Neutrophil and microglia ablation. To deplete peripheral neutrophils, mice were injected twice i.p. with anti-mouse Ly6G (InVivoMAb, Bio X Cell, BE0075-1, clone: 1A8, 100 mg/kg) or isotype control rat IgG2a, at 5 and 3 days before rotarod testing. The following antibodies identified mature neutrophils (Gr1^hiCD11b⁺, Gr^hiMPO⁺) (65), immature myeloid cells (Gr1^intCD11b⁺) (65), and immature neutrophils or granulocytic precursors (Gr1^intMPO⁺) (66, 67) in peripheral blood using spectral flow cytometry (Cytek Aurora, Cytek Biosciences): CD45-violetFluor 450 (Tonbo, 75-0451-U100, clone 30-F11, 1:1,000), CD45-PE-CF594 (BD Biosciences, 562420, clone 30-F11, 1:1,000), CD11b-PE-Cy5 (Tonbo, 55-0112-U100, clone M1/70, 1:1,000), Ly6G-APC-Cy7 (BioLegend, 127623, clone 1A8, 1:200), Ly6C-PerCP (BioLegend, 128028, clone HK1.4, 1:100), and Gr1-PE (BioLegend, 108408, clone RB6-8C5, 1:200). After exposure to surface antibody panel, cells were washed, permeabilized by Cytofix/Cytoperm solution (BD Biosciences 554722) at 4°C for 20 min, then exposed sequentially to polyclonal goat anti-MPO IgG (R&D Systems, AF3667, 1:1,000; 30 min at 4°C), then donkey anti-goat IgG (Alexa Fluor 488–conjugated, Invitrogen, A32814TR; 30 min at 4°C); both antibodies were diluted in 1× Perm/Wash buffer (BD Biosciences 554723). To ablate microglia, mice were fed ad libitum chow containing PLX3397 (CSF1R inhibitor, 600 mg/kg, Chemgood, C-1271) for at least 3 weeks prior to surgery and behavioral tests.
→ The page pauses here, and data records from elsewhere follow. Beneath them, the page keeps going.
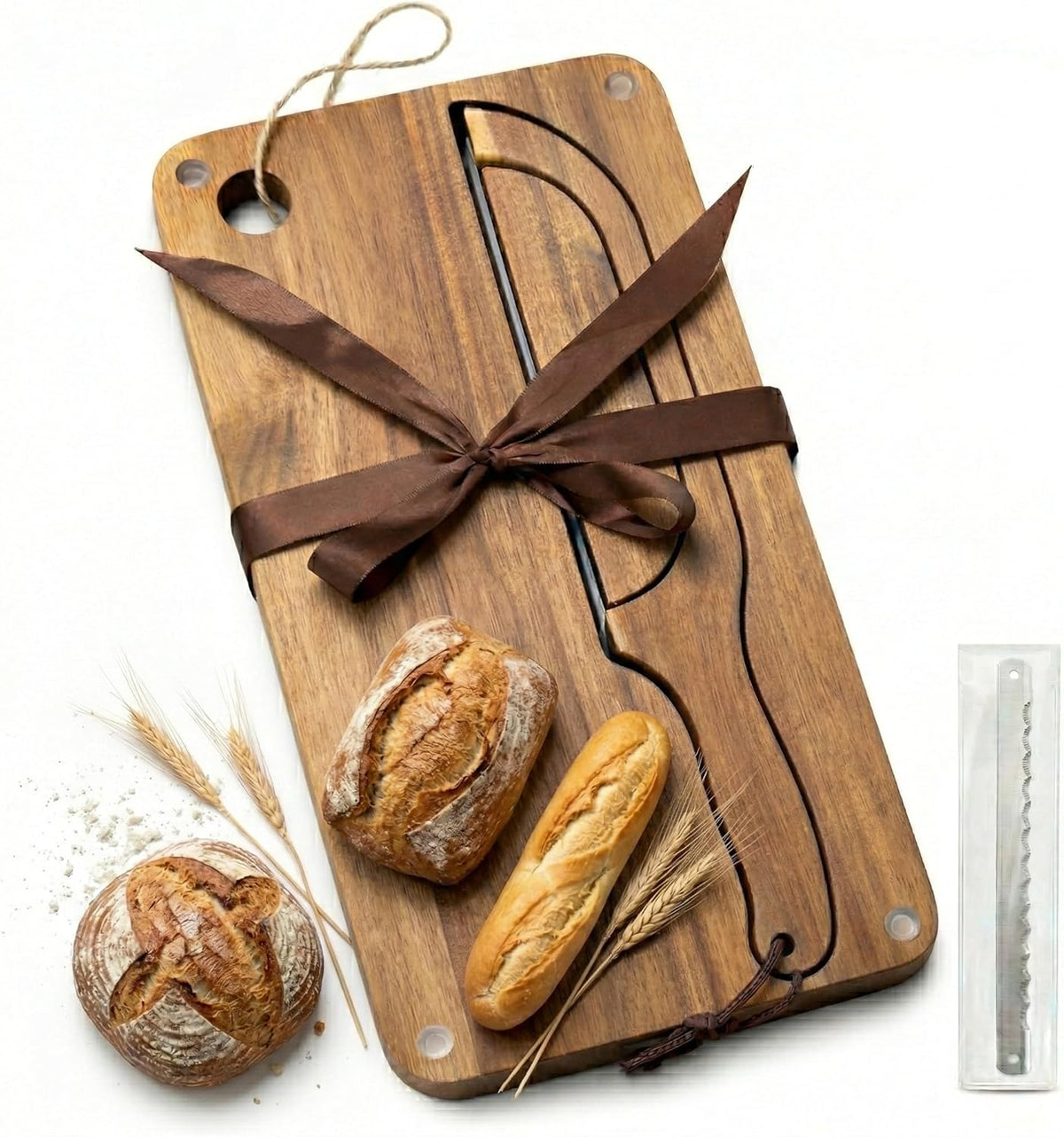 Sourdough Bread Slicer Set, Sourdough Knife & Bread Cutting Board with Crumb Tray Design, Ergonomic W-Handle Grip, Non-Slip Pads, Magnetic Storage, Left & Right Handed, Extra Blade, Bakers Gift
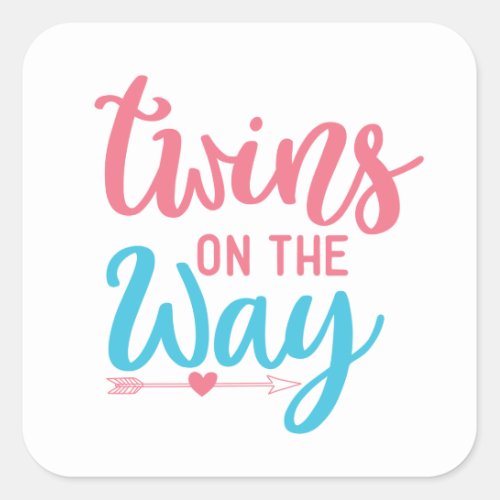 cute twins on the way Mother to be Square Sticker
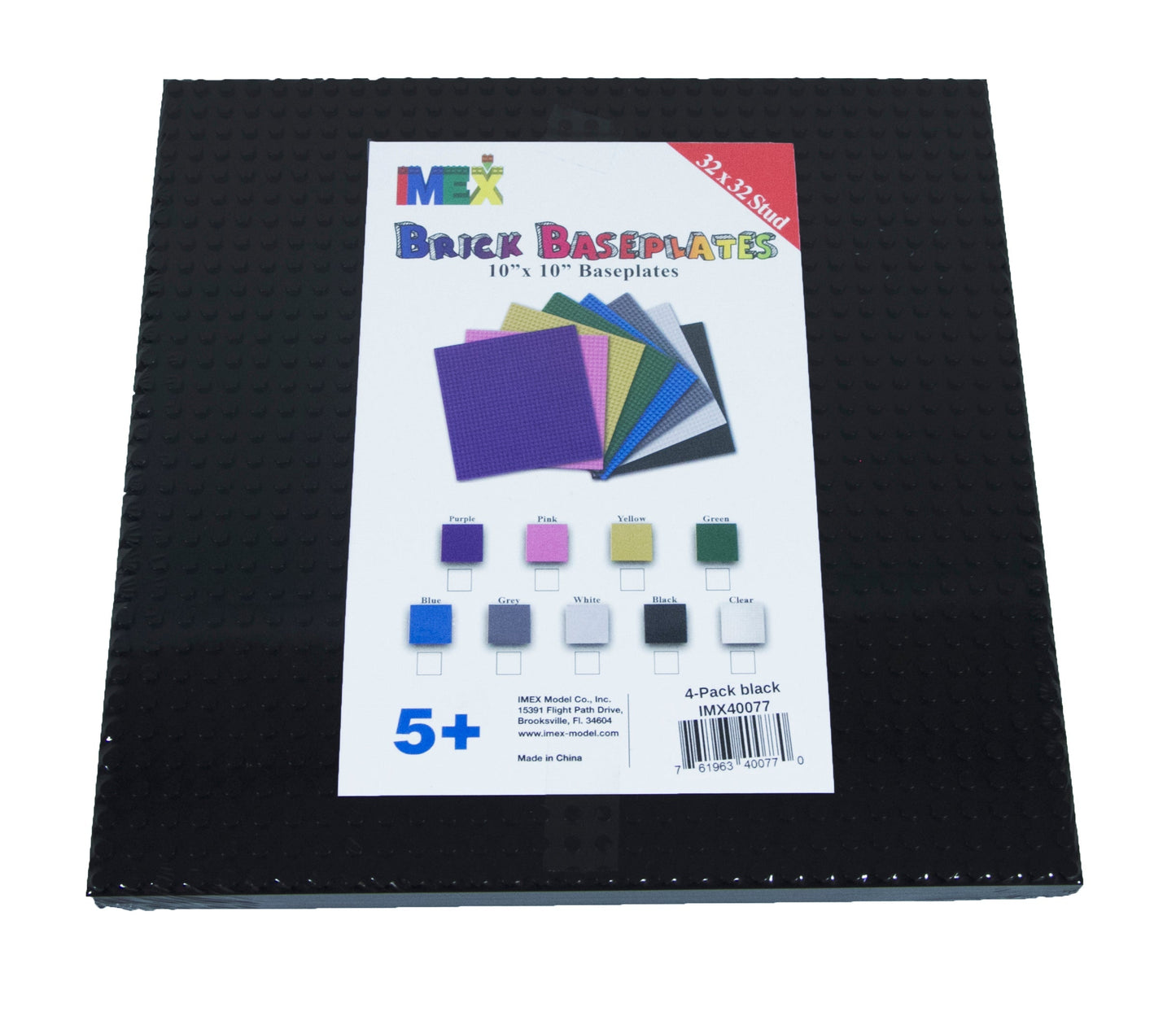 32x32 Stud Baseplate 4 Pack (Black)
Statistics. All statistical analyses were conducted by GraphPad Prism v8 (GraphPad Software Inc.). Normality and variance were tested using the Shapiro-Wilk test. For comparisons between 2 groups, an unpaired 2-tailed Student’s t test was performed. When comparing 3 groups, 1-way ANOVA followed by Tukey’s post hoc test was used. For comparisons involving 4 groups with 2 independent variables (e.g., treatment × genotype), 2-way repeated measures ANOVA with Holm-Šídák post hoc test were applied (e.g., in experiments validating C5ar1 deficiency). Additionally, for repeated measures, 2-way repeated-measures ANOVA with Holm-Šídák post hoc test was used, as in the rotarod test. Sample sizes were determined based on previous studies utilizing similar methodologies. Data are presented as mean ± SEM. A P < 0.05 was considered statistically significant; nonsignificant results (P > 0.05) are not displayed.

Study approval. Animal procedures and protocols were approved by the Mayo Clinic Institutional Animal Care and Use Committee (protocol no. 2909-17) and were conducted in agreement with the NIH Guide for the Care and Use of Laboratory Animals (National Academies Press, 2011) Use of consented autopsy tissues was approved by Mayo Clinic Institutional Review Board (IRB#2067-99).

Data availability. All data supporting the findings of this study are provided in the article, its supplement, and its Supporting Data Values file or upon reasonable request. Further information can be found in Supplemental Methods.